Automatic differentiation (AD) is that framework. Rather than relying on a layer-by-layer structure, AD operates on
arbitrary computational graphs: directed acyclic graphs (DAGs) where each node represents an elementary operation
and edges encode data dependencies. Given such a graph, AD systematically applies the chain rule to compute numerically exact derivatives
- not finite-difference approximations, and not symbolic expressions that can explode in size.
Definition: Automatic Differentiation
Let \(f : \mathbb{R}^n \to \mathbb{R}^m\) be a function decomposed into a sequence of elementary operations represented as
a computational graph. Automatic differentiation computes the Jacobian \(J_f \in \mathbb{R}^{m \times n}\) (or
products involving it) by applying the chain rule systematically through the graph. Two modes exist:
Forward-mode AD:
propagates Jacobian-vector products \(J_f\, \mathbf{v}\) from inputs to outputs. Cost: one forward pass per input
direction. Efficient when \(n \ll m\).
Reverse-mode AD:
propagates vector-Jacobian products \(\mathbf{u}^\top J_f\) from outputs to inputs. Cost: one backward pass per output
direction. Efficient when \(m \ll n\).
Since neural network training involves a scalar loss (\(m = 1\)) with millions of parameters (\(n \gg 1\)),
reverse-mode AD — which is backpropagation in this context — computes the full gradient in a single backward pass.
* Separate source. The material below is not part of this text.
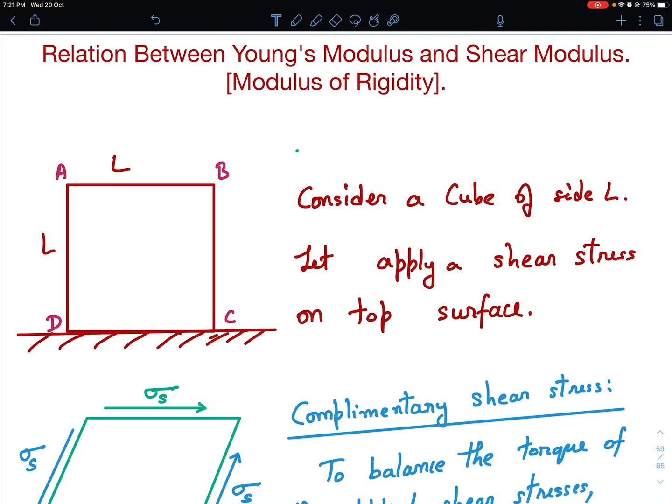Hello viewers, welcome to my channel IITJ Olympiads and AP Physics with Ambarish. And in this video, I have brought the proof of the relationship between Young's modulus and the shear modulus.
Analytic Example of Reverse-Mode AD
To make the process of automatic differentiation concrete, let's walk through an analytic example using a
composite scalar-valued function of two variables. We'll decompose the function into primitive operations,
represent it as a computational graph, and compute its gradients using reverse-mode automatic differentiation
(i.e., backpropagation).
Consider the following function
\[
f(x_1, x_2) = \log \left((x_1 + x_2)^2 + \sin(x_1 x_2) \right).
\]
Note: For this function and its derivatives to be strictly defined in the real domain, we require the input
\((x_1, x_2)\) to satisfy \((x_1 + x_2)^2 + \sin(x_1 x_2) > 0\).
The power of automatic differentiation lies in its systematic approach:
Decompose complex functions into simple primitive operations
Apply the chain rule mechanically through the computational graph
Sum gradients when variables contribute through multiple paths
This process can be fully automated, making it the backbone of modern deep learning frameworks.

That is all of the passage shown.